Buick sales rose 24.8 percent, while sales of the Cadillac brand improved by 19.9 percent. Chevrolet and GMC brands posted gains as well.

Industry-wide, sales last month were mostly stable, but even higher incentives couldn’t push the needle much beyond last November’s dismal lows, when a credit freeze and the financial meltdown kept car buyers at home. Larger gains aren’t expected until Americans see a notable improvement in the job market.

One strength was sales of fuel-efficient cars and crossovers, which are as roomy as SUVs but are built on lower car frames, bolstering fuel economy.

Small monthly auto sales increases are likely as the economy continues its slow improvement, but larger auto sales gains will not happen until the jobless rate drops substantially, and people feel confident spending money on big-ticket items, said Martin Zimmerman, a former Ford Motor Co. chief economist who now teaches at the University of Michigan.

The U.S. jobless rate hit 10.2 percent in October, a 26-year high, and Zimmerman said people are holding onto their vehicles.

Carmakers continued to rely on discounts and other incentive spending to sell cars and trucks last month. Sales incentives rose 2 percent in November to $2,713 per vehicle, according to the auto Web site Edmunds.com.

Ford’s sales were essentially flat compared to last November, at 122,846, although sales of its crossovers rose 26 percent and sales rose 14 percent. Trucks and SUVs saw double-digit declines.

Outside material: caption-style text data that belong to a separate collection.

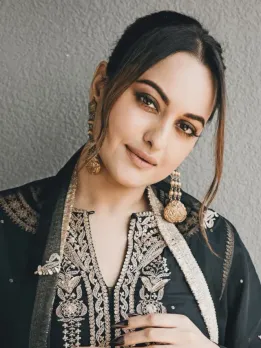 Sonakshi Sinha's Dazzling Look in Green Mesmerises Fans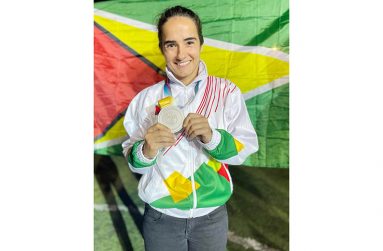 Nicolette Fernandes with her silver medal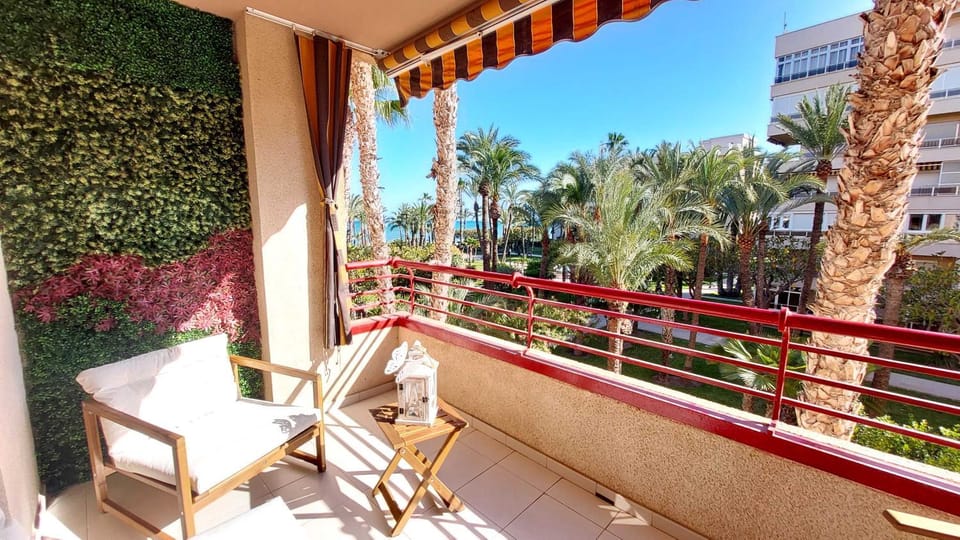 apartamento céntrico en 1ª línea de playa con piscinas y jardines Apartment in Torrevieja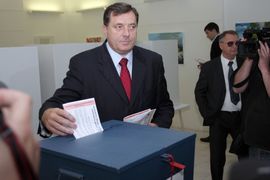 Dodik vodi ispred Tadića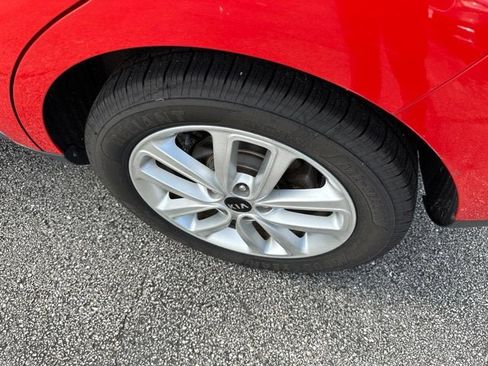 Used 2017 Kia Soul + FWD image 8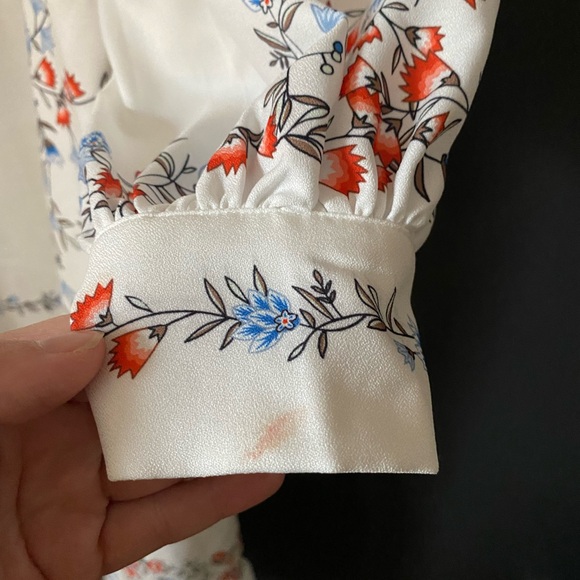 Floral dress - Picture 3 of 4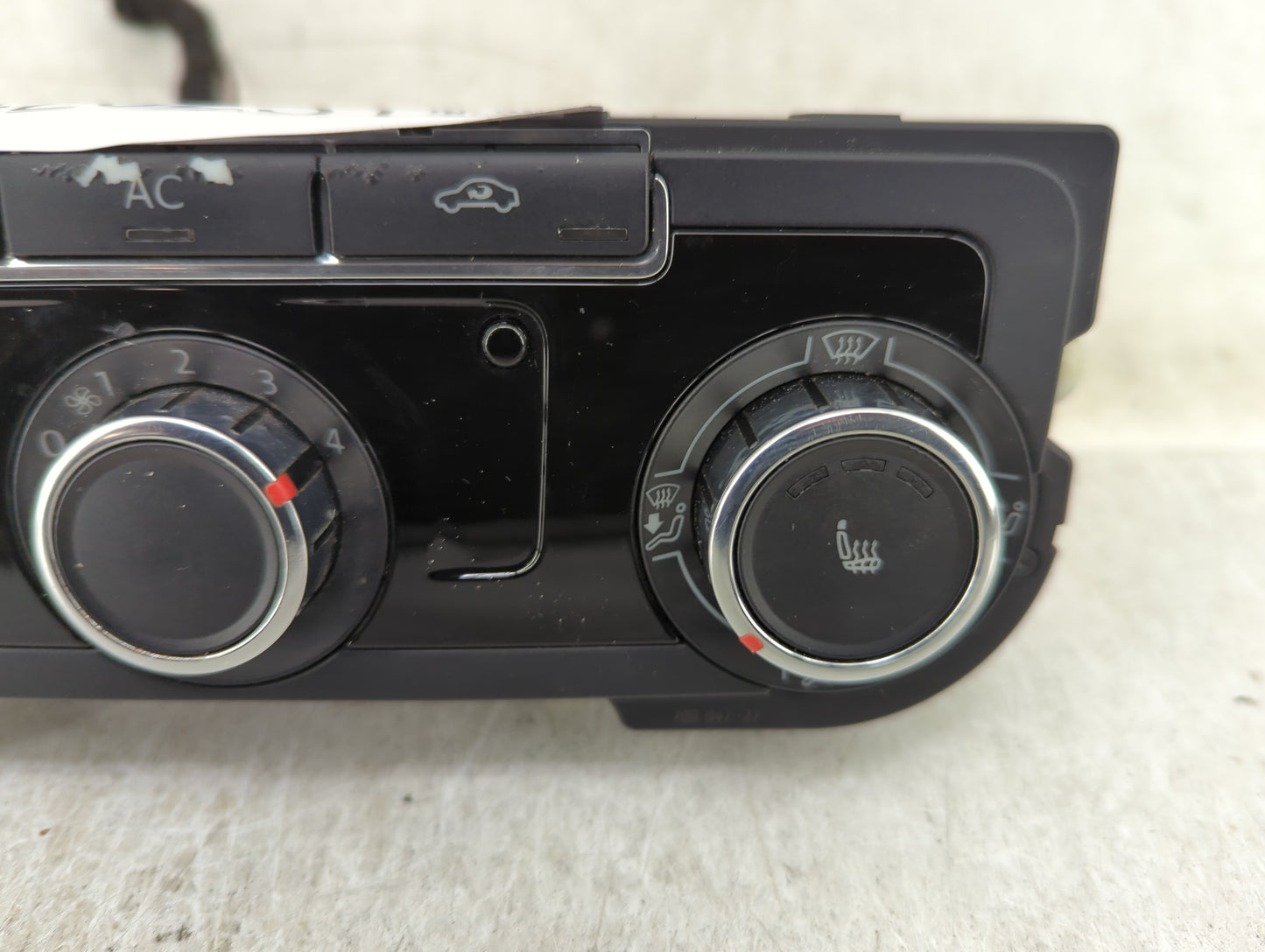 2013 Volkswagen Cc Climate Control Module Temperature AC/Heater Replacement P/N:K003 5HB 009 751 Fits OEM Used Auto Parts -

Chrysler said it sold only 63,560 vehicles last month, a decline of 25 percent, and it announced an array of sales incentives including zero percent financing and cash rebates designed to draw buyers into its showrooms.

Toyota said its U.S. sales rose 2.6 percent to 133,700, led by standbys like the Camry sedan and the RAV4 crossover.

Last months’ big winner, again, was South Korea’s Hyundai, which posted 46 percent on the back of its top-selling Sonata sedan.